• **TASK DETAILS**: Please write the listing below out again exactly, leaving every picture behind.

• **GIVEN INFORMATION**:

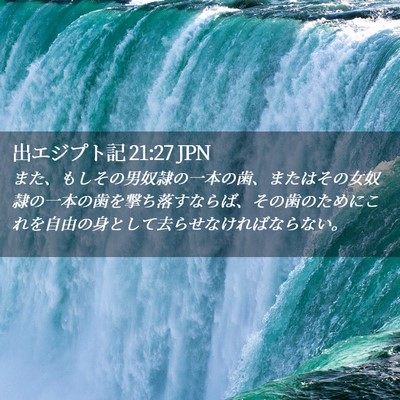 Picture 02 - 出エジプト記 21:27 JPN - また、もしその男奴隷の一本の歯、 - Bible Verse Picture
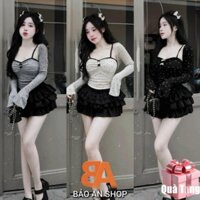 Sét áo tay dài chấm và chân váy 4 tầng Kate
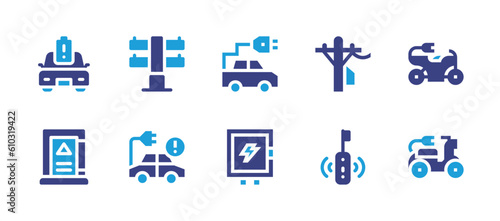 Electricity icon set. Duotone color. Vector illustration. Containing electric car, electric pole, power line, electric bike, electrical panel, electric panel, electric toothbrush. © Huticon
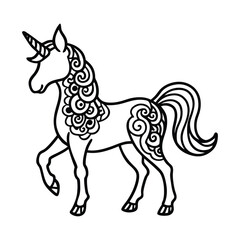 Vector illustration of unicorn coloring book Line Art Illustration Magical Creature Outline Art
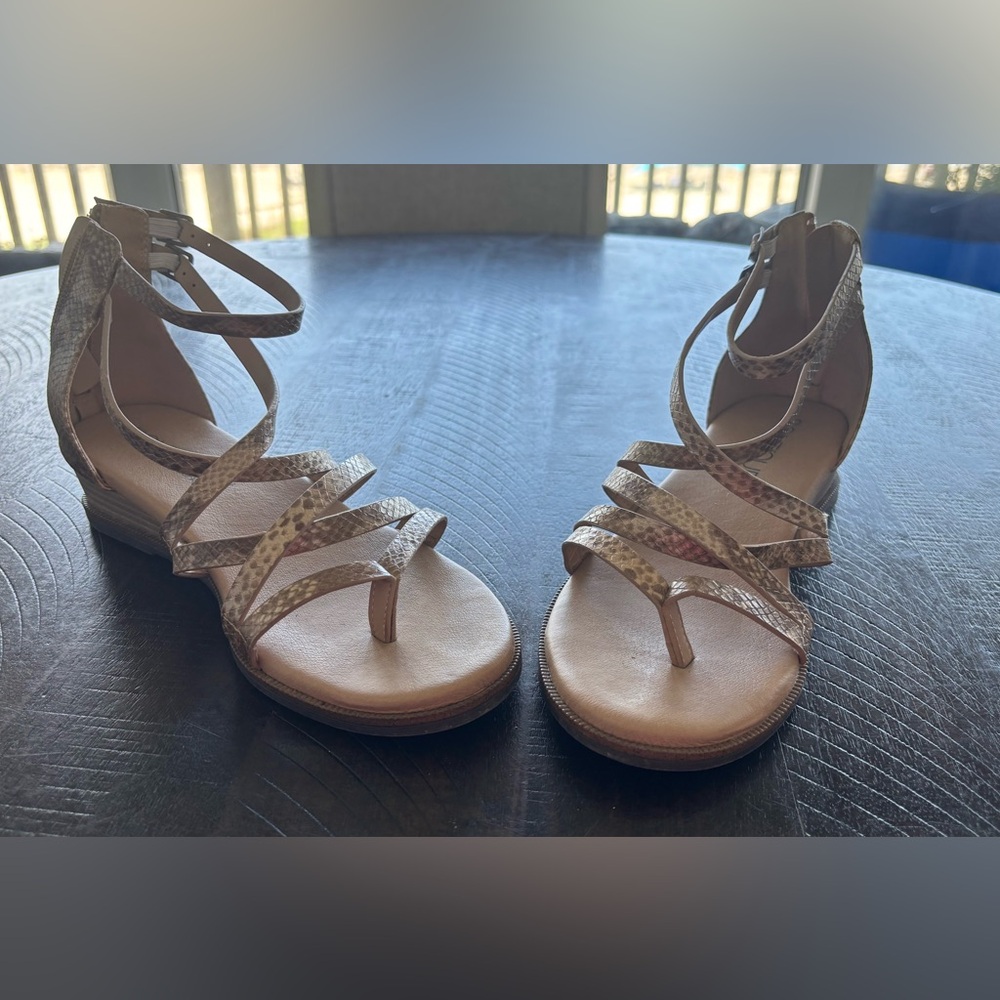 Tan Strappy Sandals with Ankle Straps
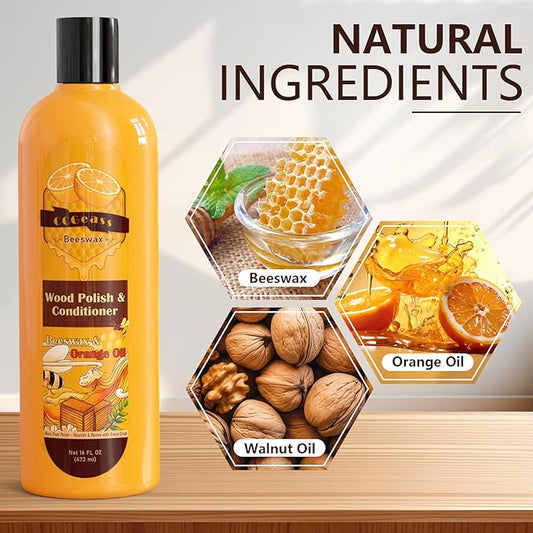 Beeswax Wood Polish & Conditioner, Natural Beeswax Orange Oil Conditioner Cleaner for Wood Furniture, Floors, Restores Shine & Waterproofs, 16 Fl Oz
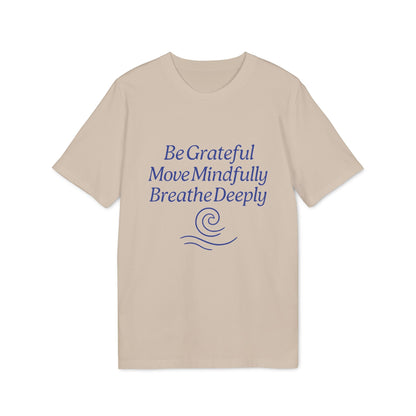 Yoga 100% Organic Cotton T-Shirt beige tee with blue BeGrateful MoveMindfully BreatheDeeply text graphic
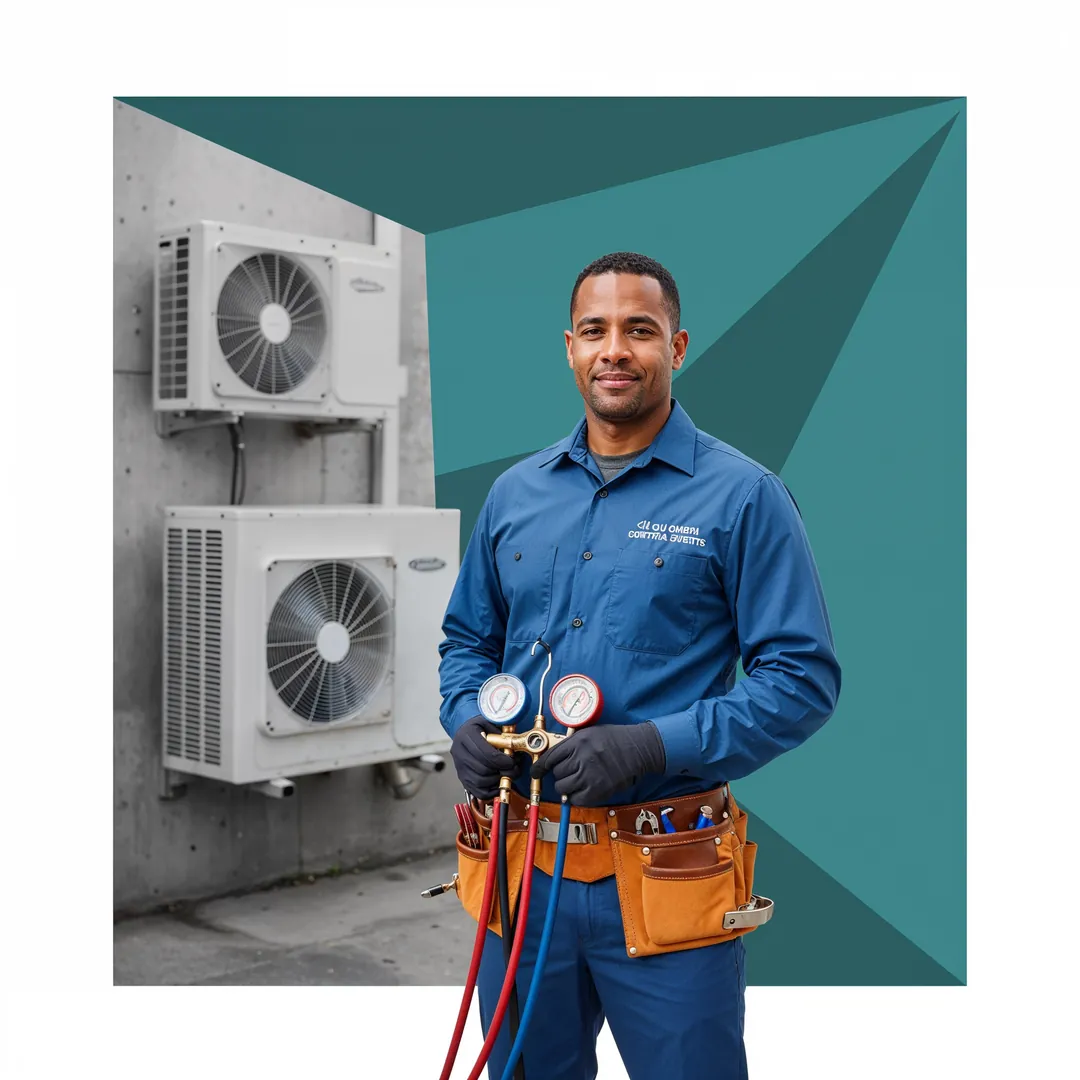 Técnico de instalaciones térmicas con carnet RITE junto a una bomba de calor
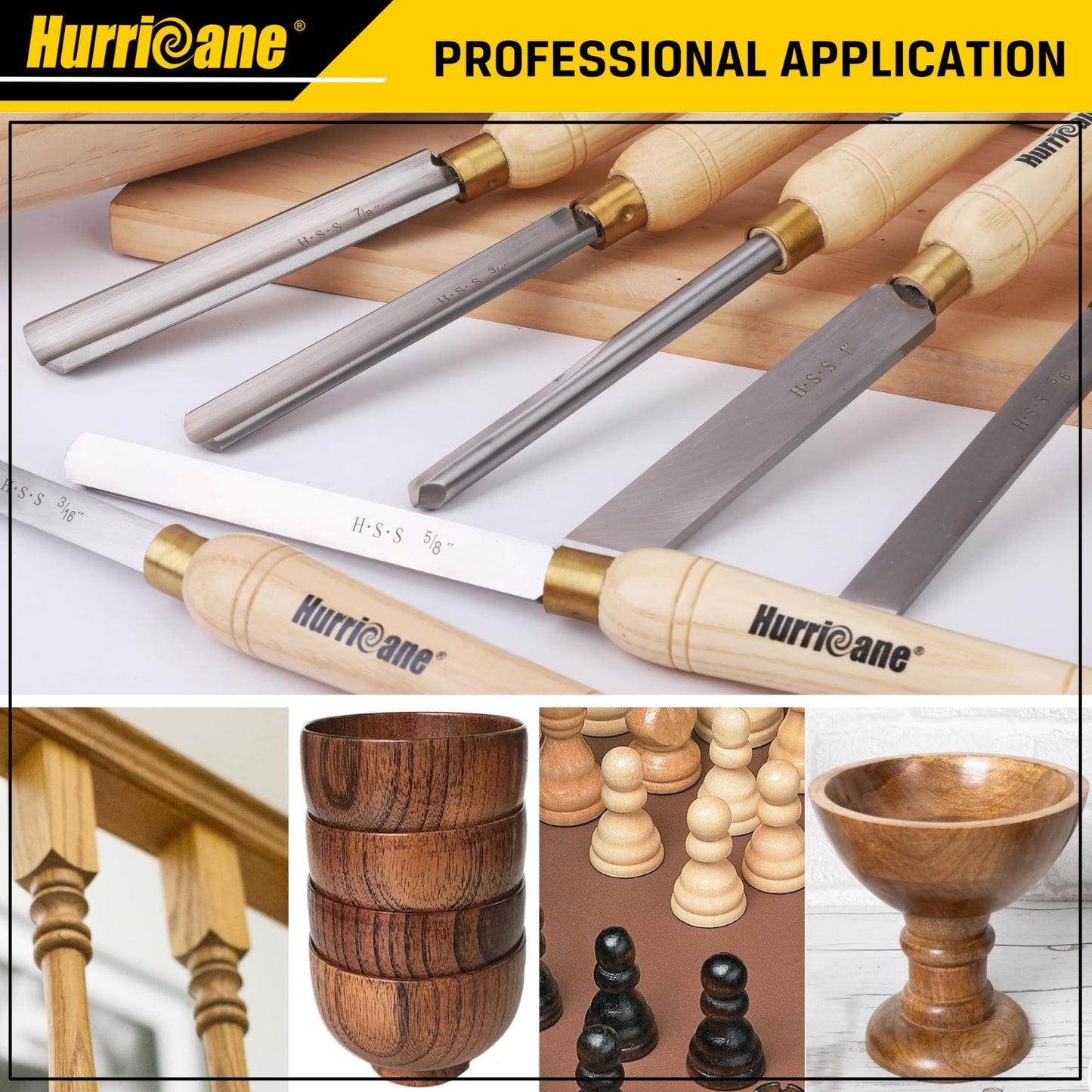 HURRICANE 8pc Wood Lathe Chisel Set, M2 HSS Wood Turning Tools with 10" Solid Hardwood Handles, Lathe Tool Kit for Beginners and DIY Hobbyists, Includes Protective Wooden Box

• **RESULT OF THE TASK**:
 Picture 02 - 出エジプト記 21:27 JPN - また、もしその男奴隷の一本の歯、 - Bible Verse Picture
 Sét áo tay dài chấm và chân váy 4 tầng Kate
 Electricity icon set. Duotone color. Vector illustration. Containing electric car, electric pole, power line, electric bike, electrical panel, electric panel, electric toothbrush. © Huticon
 Vector illustration of unicorn coloring book Line Art Illustration Magical Creature Outline Art
 Tan Strappy Sandals with Ankle Straps
 Beeswax Wood Polish & Conditioner, Natural Beeswax Orange Oil Conditioner Cleaner for Wood Furniture, Floors, Restores Shine & Waterproofs, 16 Fl Oz
 Yoga 100% Organic Cotton T-Shirt beige tee with blue BeGrateful MoveMindfully BreatheDeeply text graphic
 Técnico de instalaciones térmicas con carnet RITE junto a una bomba de calor
 HURRICANE 8pc Wood Lathe Chisel Set, M2 HSS Wood Turning Tools with 10" Solid Hardwood Handles, Lathe Tool Kit for Beginners and DIY Hobbyists, Includes Protective Wooden Box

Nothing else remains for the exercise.